Firstly, and most immediately, is the Brexit end-game. The party’s clear resistance to Brexit has been its most important defining feature. It owes it to its supporters to fight as hard as it can to fend Brexit off. But this is looking decidedly tricky. Just how tricky was illustrated last week, when Labour launched its plan for a “caretaker” government under Mr Corbyn to postpone Brexit and the fight a general election. This wrong-footed Jo, who called it out as a cynical ploy too quickly, rather than being non-committal and voicing doubts (a position she has tried to adopt since). This allowed Labour followers to suggest that the party’s top priority was political advantage, not stopping Brexit by any means possible. Fortunately the damage not severe, as potential Tory rebels, essential to the exercise, took up the running. Indeed the move has ricocheted back onto Mr Corbyn, who is having to explain why he is a better choice to lead an interim government than a more neutral figure. It has also allowed Jo to garner extra publicity: many may not have noticed the party had a new leader. But this episode is an indication of the treacherous ground ahead.

The enterprise of stopping Brexit, or even the lesser goal of stopping a no-deal, is almost certainly doomed, however. Mr Johnson’s government views it as an existential crisis for their party, and is willing to play fast and loose with the conventions on which the country’s political processes depends. Mr Corbyn, as I discussed in my previous post, wants the same outcome, albeit without any of his fingerprints. So what happens to the Lib Dems after Brexit? Once out most people, in Britain and the EU, will surely want to move on. Getting back into the Union will be a generational project.

But after Brexit Europe will not drop off the political agenda, and especially after a no-deal. Smooth relations with the EU will be essential for many aspects of British life, including the economy, Northern Ireland and freedom to work and travel in EU countries. Such issues will dominate the British political agenda, forcing both sides back to negotiating a deal of some sort. The Lib Dems will have to move quickly from their “Stop Brexit” position to something new, that keeps the party in touch with the key issues, and which keeps the pressure up on the Conservatives and Labour to define their positions more clearly, and so expose their own divisions. Jo will have to do this on the hoof, as there will be no time to use the the party conference to forge it. The obvious choice would be to advocate a Norway plus plus position. This means being part of the Single Market, including freedom of movement, and a customs union. Fisheries would be excluded but some kind of deal will be needed on agriculture. Rural voters are not so important to the Lib Dems these days, but the party needs to keep up pressure on the Conservatives in rural areas. The idea should be to reopen EU markets for British agricultural produce, and to fend off imports from America and elsewhere. And if people say that all this would mean being a rule-taker, the party can simply say that Britain should rejoin as a full member in due course.

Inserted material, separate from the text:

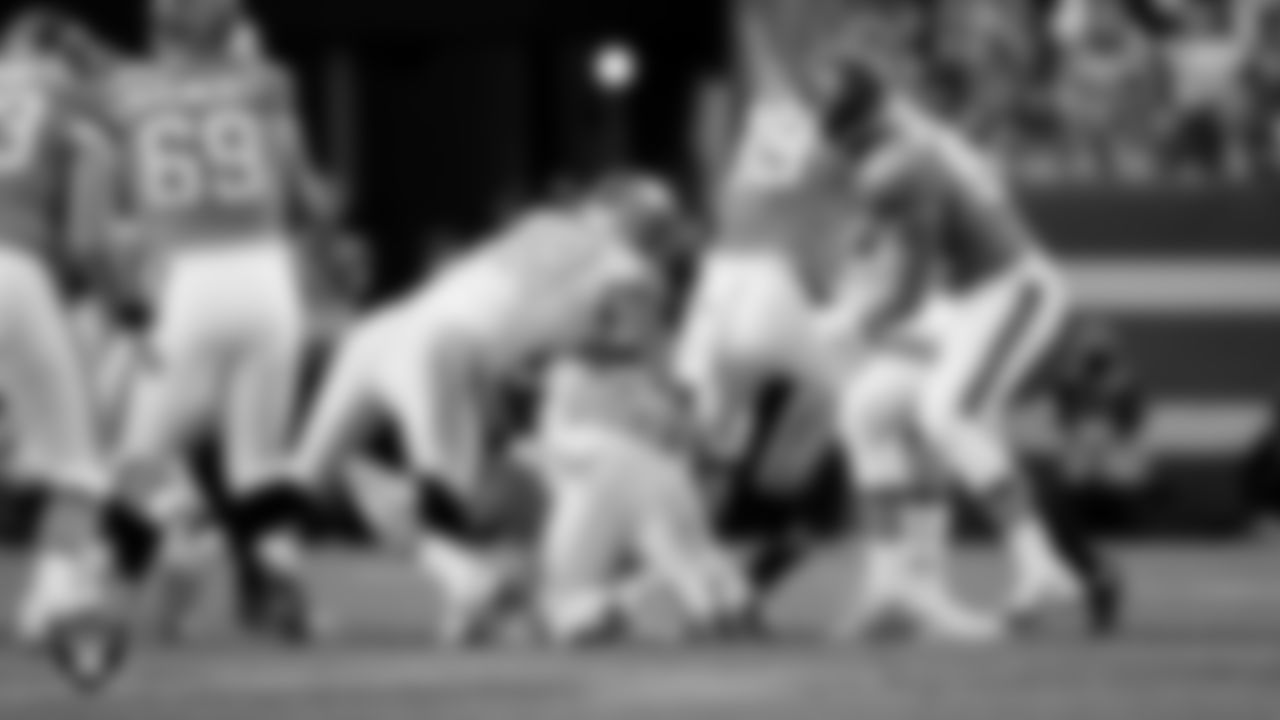 Las Vegas Raiders defensive end Maxx Crosby (98) and linebacker Elandon Roberts (52) during the regular season away game against the Denver Broncos at Empower Field at Mile High.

This is necessary, but not sufficient. Labour may end up by saying something similar. Many ex-Tory voters will be sceptical. Which is why occupying the liberal centre will be so important. What is it? Liberal for a start. That means embracing diversity, multiculturalism and tolerance. It also means courting younger voters, which in turn means embracing environmentalism, up to and including radical action to stop and even reverse climate change. All that is easy for Lib Dems, but does not particularly help define them against Labour or the Greens, or even more enlightened Tories, of whom there are more than many suppose.

So the “centre” element of the liberal centre is important. And that means a middle of the road economic policy. That in turn means taking fewer risks with public spending and borrowing, and being moderate with tax increases. That means being careful with spending promises for public services. There is a very interesting discussion to be had about whether this is in fact sensible public policy: many argue that this is in fact a good time to take risks with public spending, and that the burden of tax needs to be radically shifted. But that discussion misses the point. British voters have over the generations drawn the conclusion that governments need to be careful with finances, and they have reason to suspect that Labour will not be. Under Boris Johnson they may even be losing trust with the Tories. Somebody needs to make the case for a more cautious approach, and it makes sense for this to be the Lib Dems.

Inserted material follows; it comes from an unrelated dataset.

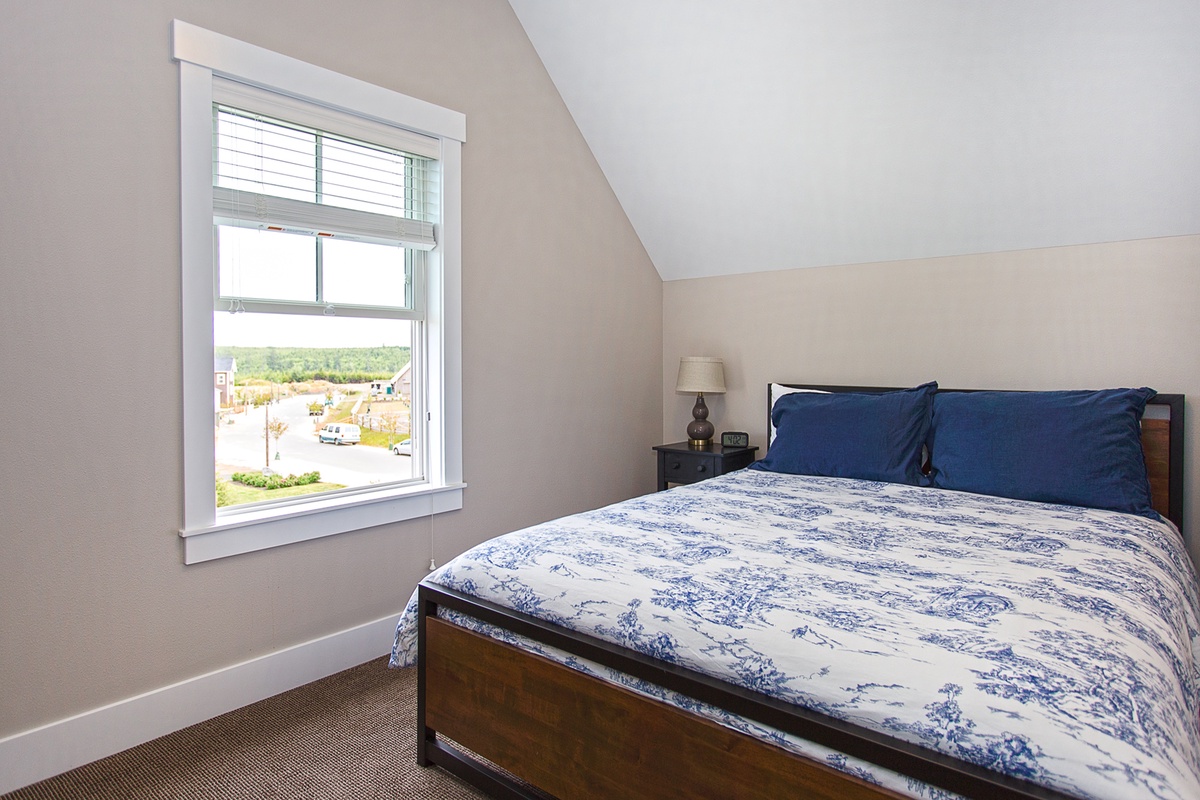 Third floor guest bedroom with queen bed and view of Horseshoe Park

Moderate economics will not sit so easily with many Lib Dem activists, however. They are rightly wary of the party being branded as being centrist and so defined by what the other parties are up to. Many are wounded by Labour’s persistent demonisation of “austerity”, in which the Lib Dems are said to be complicit under the coalition years with the Conservatives. But while the anti-austerity rhetoric evinces passion in many people, I don’t think it is a popular in the country at large as many Labour people suppose. The Lib Dems built up a degree of credibility on economics with moderate Conservative voters during the coalition – and this group will be critical.

What is clear is that Lib Dems cannot rest on their laurels. The accession of Mr Johnson has given a lift to the Conservatives, and this threatens to restore the two-party dynamic that is the natural state of British politics. The Brexit Party is in retreat. The 2017 general election pattern, where the two main parties moved to over 40% each, can happen again. But the public has deep doubts about both parties, and both leaderships are adopting very risky political strategies. This could be the Lib Dem moment. The party has the fight of its life ahead of it.

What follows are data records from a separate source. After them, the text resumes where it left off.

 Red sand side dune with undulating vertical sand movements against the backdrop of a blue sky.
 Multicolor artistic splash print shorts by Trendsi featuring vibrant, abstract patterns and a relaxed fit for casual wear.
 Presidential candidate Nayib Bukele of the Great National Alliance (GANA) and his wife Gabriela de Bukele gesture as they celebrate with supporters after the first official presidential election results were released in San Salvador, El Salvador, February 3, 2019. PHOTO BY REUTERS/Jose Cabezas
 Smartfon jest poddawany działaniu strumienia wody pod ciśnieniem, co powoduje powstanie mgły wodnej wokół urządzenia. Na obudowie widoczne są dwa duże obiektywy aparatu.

Ed or Jo? The Lib Dem leadership race

While the race to become leader of the Conservative Party dominates the news, another leadership contest is running in parallel: that of the Liberal Democrats. Both parties are polling about 20% currently, but there are good reasons why the Lib Dem contest is not receiving anything like the same level of coverage. The new Tory leader is guaranteed to become Prime Minister, even if only for a few days; for the new Lib Dem leader to be Prime Minister it will take an unprecedented political upset at a general election that may not take place until 2022. But it isn’t just that: the Lib Dem contest is as dull as ditchwater. But it is important.

That is for two reasons. Firstly the government does not have a majority, and a number Conservative MPs are being driven to rebellion. A chaotic phase of parliamentary proceedings is about to start, and the Lib Dems 12 MPs could be decisive. And secondly the Lib Dems are on the up, and could do well in the next general election, which may well produce a hung parliament in which the party plays a decisive role.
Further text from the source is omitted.